Each functional budget is compiled according to everything enterprise, therefore, it is the system of functional budgets of the enterprise that forms it budget structure.

Budget structure – system functional budgets enterprises where sequential planning and accounting of the results of economic activities of the entire enterprise.

Budget for direct production costs may, in turn, consist of Budget of material costs, Energy budget, Production depreciation budget etc.

The total budget indicators will give the final financial result: profit/loss or cash balance. But the enterprise can also create additional budgets - not to calculate the financial result, but to control functional areas in several aspects. For example, if there is a need to manage payroll costs throughout the enterprise, then Budget for salary expenses will collect figures from almost all other expenditure budgets, and to avoid double counting, the amount for this budget must be considered separately, without adding it with the same figures, but in the context of production, commercial and other expenses.

Example of a list of functional budgets

Budget type designations:

DR– income-expenses;

DDS– cash flows;

NS– natural value.

The relationship between operating and functional budgets is presented in Fig. 15.

Each functional budget falls into one of three types of budgets:

1. In-kind cost (Budget of Goods, Inventories and Non-current Assets)

2. Budget of Income and Expenses (IBC)

3. Cash Flow Budget (CFB)

To create a comprehensive list of functional budgets, we recommend the following steps:

  • highlight areas of the company’s activities;
  • create a list of functional budgets of three main types: income and expenses, cash flow, natural value;
  • check functional budgets for consistency;
  • show connections between budgets.

Functional areas

Functional areas can be said to be managers' view of the business they manage. And since views on the same subject can be different, the principles for classifying areas of activity are often diametrically opposed, even when we are talking about the same enterprise. For example, for a manufacturing enterprise that independently sells its products, options for identifying functional areas may be as follows:

  • management of production, sales, purchasing, administrative processes;
  • management of fixed assets, circulating inventories, cash, personnel, customer relations, relationships with suppliers;
  • management of core, financial, investment and other activities.

Approaches

The work of determining areas of activity is an expert one; there are no strict formalized approaches that determine which classification criterion to choose. The only requirement is convenience and clarity for the team of top managers that will work with the selected classification of functional areas.

What you should pay attention to when highlighting areas of activity:

  • the composition of areas of activity must correspond exactly to the business that the company conducts. This sounds self-evident, but in practice there are often situations where this is not the case. For example, there was a precedent when an exclusively trading organization singled out such a functional area as “Production”, although in fact it did not conduct any production;
  • It’s worth trying to interpret the processes that the company has quite broadly.
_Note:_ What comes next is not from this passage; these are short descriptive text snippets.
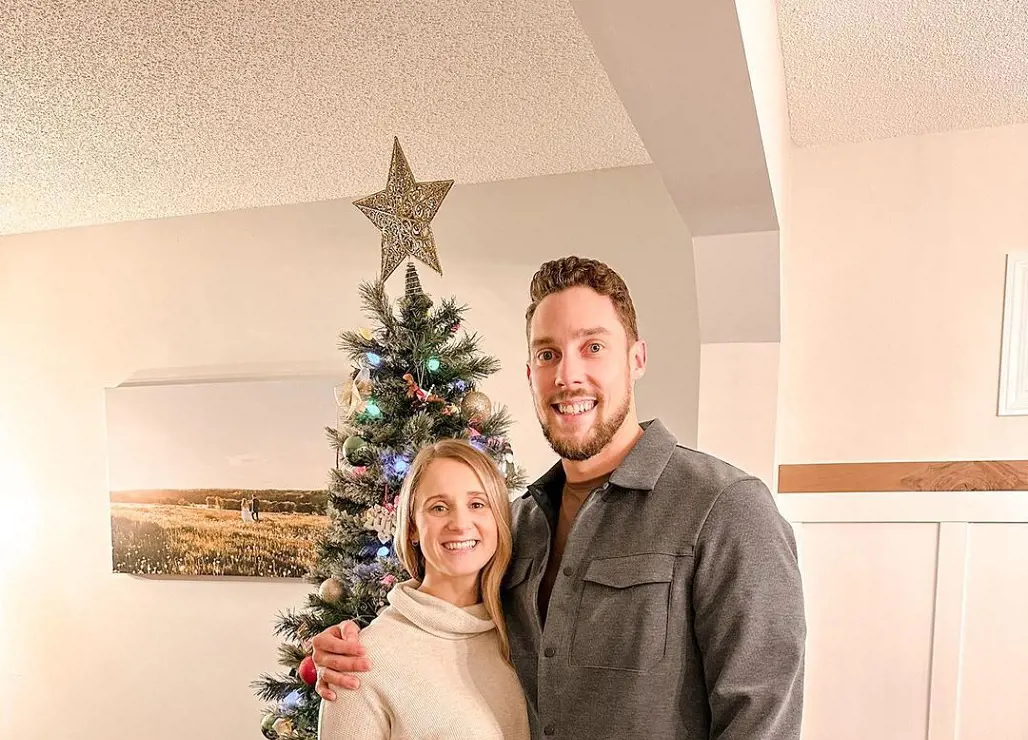 Jocelyn and Brett celebrating Christmas in their new home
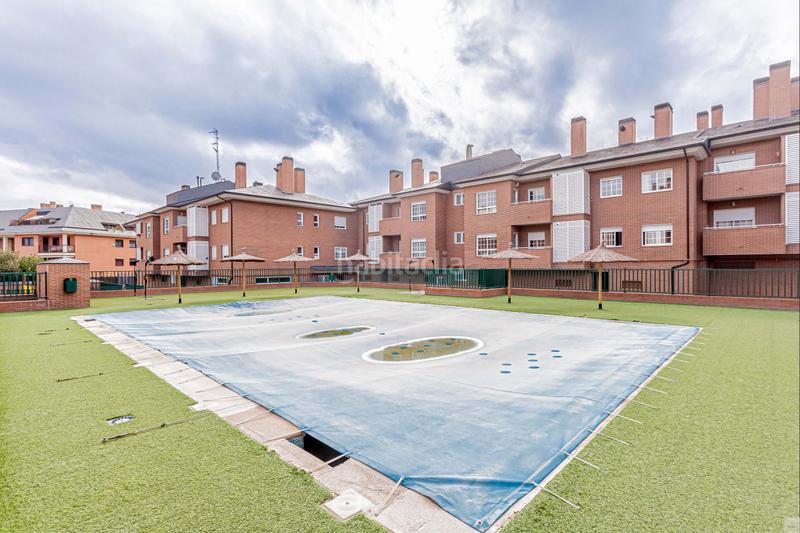 Foto f2027318-acb3-4515-a4bf-241b97d2e566. Pis amb calefacció aparcament piscina a El Cantizal Rozas de Madrid (Las)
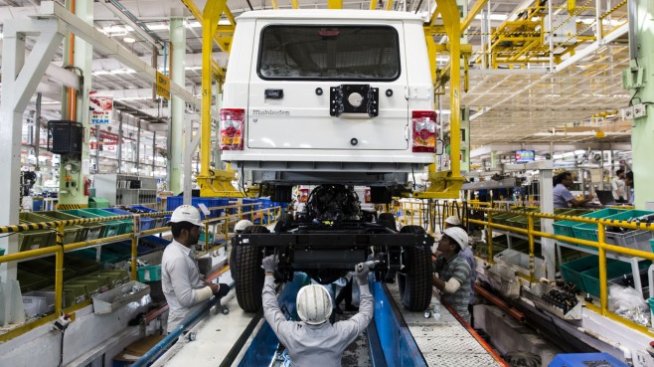 Лидерът в сегмента на SUV моделите в Индия продава мажоритарен дял в Ssangyong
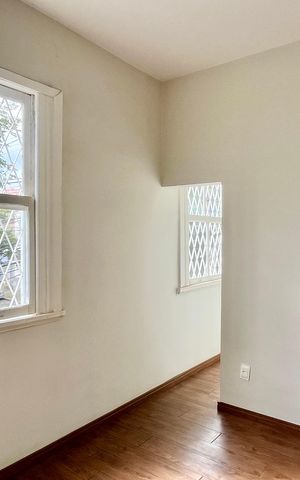 Casa para alugar com 324m², 5 quartos e 1 vaga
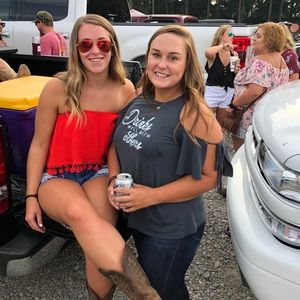 Meet your Posher, Taylor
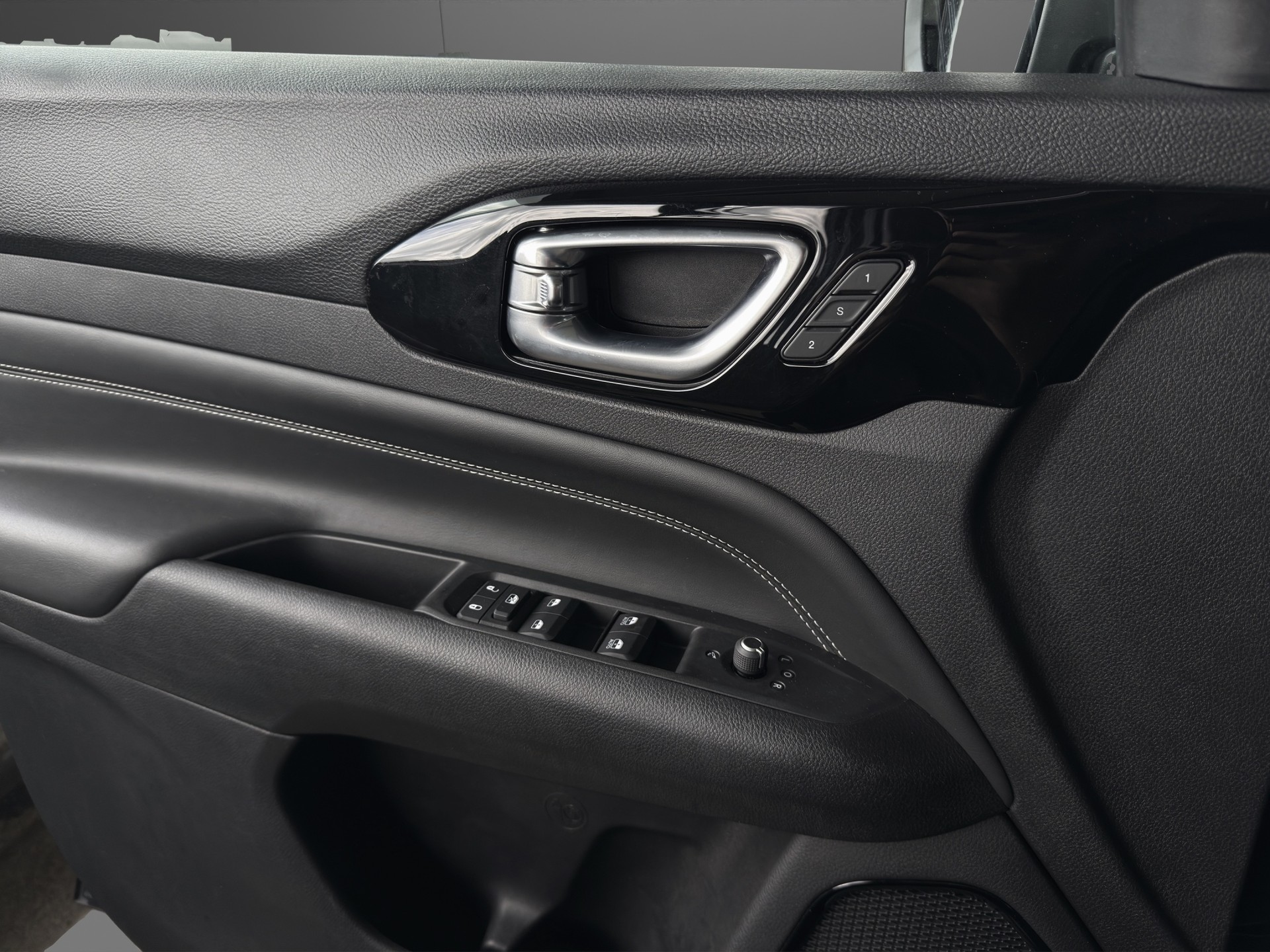 JEEP Compass 1.3 T PHEV 80th Anniversary AWD-image-16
For example, if we are talking about a consulting firm, then, despite the absence of material production processes, it has activities that involve spending the working time of its specialists. And this is nothing more than production - a kind of write-off of “raw materials” in the process of manufacturing the final product, even if these final products are consulting services. In other words, a functional area such as “Production” in a consulting company can be highlighted;
  • the compiled list of functional areas should cover all of the company's activities. For example, if only areas such as “Sales” and “Production” are defined, then most likely something is forgotten. At the very least, “Procurement” is missing;
  • the selected functional areas should not overlap. For example, if “Production” and “Human Resources Management” appear on the list at the same time, then most likely there will be intersections. After all, there are production workers who clearly belong to both “Production” and “Human Resources Management”.